Project Proposal due Sun, June 28

Draft report due Fri, July 17

Peer review due Wed, July 22

Final report due Wed, July 29

Presentation on Thu, July 30

Introduction

Make a Research Question, Pick a data set, and do analysis. That is your final project.

The goal of the final project is for you to apply the skills you have been learning through out the quarter and apply to real life data to answer a question YOU HAVE MADE.

The data will come from a pre-curated list of data from various different sources including public research institutions and survey firms. As a group you will select a data set based on a research question that you have made. Remember the goal of this project is for you to demonstrate the skills we have covered in this class and apply them to the selected data set to analyze it in a meaningful way.

YOU DO NOT NEED TO GO BEYOND THE SKILLS IN THIS CLASS. There should not be any reason to use AI in this course, because you will be provided all the code and information to do the analysis that you need to do. If anyone in your group is caught using AI you will receive a 0 on this project.

All analyses must be done in RStudio, and all components of the project must be reproducible. This means that when I run the code, I do not get any errors.

Logistics

You will work on the project with your assigned team.

The pieces for the final project are the following:

  • A submitted written, reproducible report detailing your analysis.
  • The presentation for the project.
  • A summary of the edits made following the draft.
  • A summary of each contribution, written by each member of the group
  • The orginal quarto file with the code

Topic ideas

I have curated a list of data sets from the following sources:

  1. United Nations Data: https://data.un.org/
  2. Pew Research: https://www.pewresearch.org/datasets/
  3. Election Studies: https://electionstudies.org//
  4. Latin American Statistics:

As a group select a data set that you are interested in, and relates to your research question. You will be required to submit your groups research question and the selected data set.

Find the data sets here.

Project Proposal submission

Your Project Proposal submission should be no more than half a page and will be graded on completion. This means that as long as you attempt, show that you tried, and included all requirments then you will receive full credit.

The proposal should include the following:

Introduction and data (1 paragraph)

  • State the source of the data set: who made the data?
    • Remember to provide a citation for the dataset
  • Describe the observations and the general characteristics being measured in the data
    • What questions is your team thinking they will be using?
    • Use the code book to find what variables were collected and how they are measured.

Research question (1 paragraph)

  • State the research question your team wants to answer
  • Tell me why your team is interested in answering using this data
    • What motivated your team to ask this question

Glimpse of data

  • Use the head function to provide an overview of each data set
    • head()

Download the template here. Render as a word docx and submit to canvas.

Project Report Draft #1

Draft report

The purpose of the project report draft #1 is to get your team started on this project earlier, so you are not doing this last minute. This is graded on completion as long as all parts are included then your group will receive full credit.

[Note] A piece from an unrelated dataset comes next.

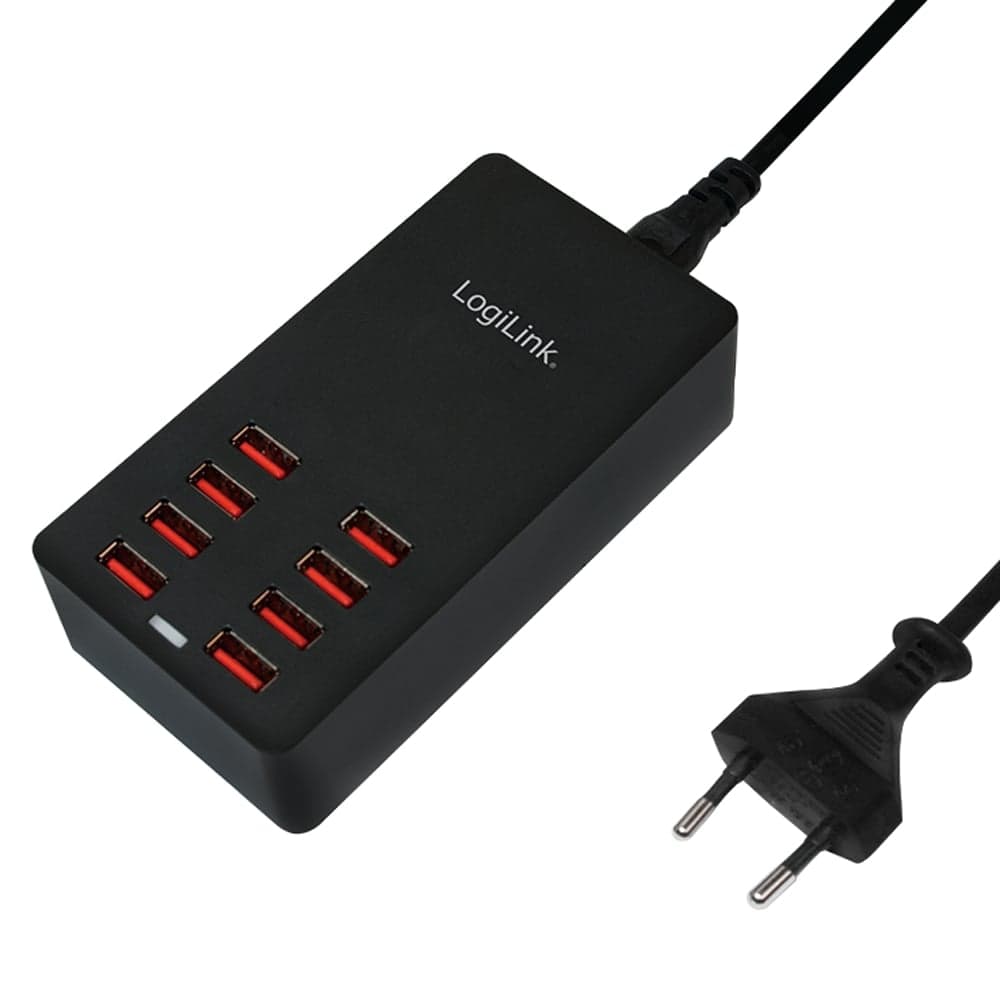 Caricatore da Tavolo a 8 porte USB 44W Nero - Logilink IPW-USB-8P44W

Include the following in the draft:

Section 1 - Introduction

The introduction should include the following (1 page):

  • You should state the motivation of the research question
    • Focus these two key elements:
      • What is the observed problem
      • What does this contribute to?
        • Does this contribute to more knoweldge? (Intellectual)
        • Does this contribute to policy? (Broader)
    • In your introduction section, you should be focused on discussing what the problem is that you are seeing and why this needs to be addressed. Is there a current problem in the world; did something happen?
    • https://www.sjsu.edu/writingcenter/docs/handouts/Introduction%20of%20Research%20Papers.pdf
    • Example:
      • “The number of women running for political office has skyrocket since the introduction of gender quota laws and revisions were introduced to reduce the loopholes of the laws. The most recent election in Mexico during 2024 was the largest election in its history and saw the most women running for office. However, while the number of women entering political office is increasing, so is the level of criminal violence, especially against political leaders. The 2024 election was one of the most violent elections in recent history (Data Cívica, México Evalúa y Animal Político, 2024A). Yet, little research has examined the impact of criminal violence on the candidate selection process and how this impacts women, and as violence increases it is critical to analyze the relationship between criminal violence and candidate selection.” (Daarstad, N.D.)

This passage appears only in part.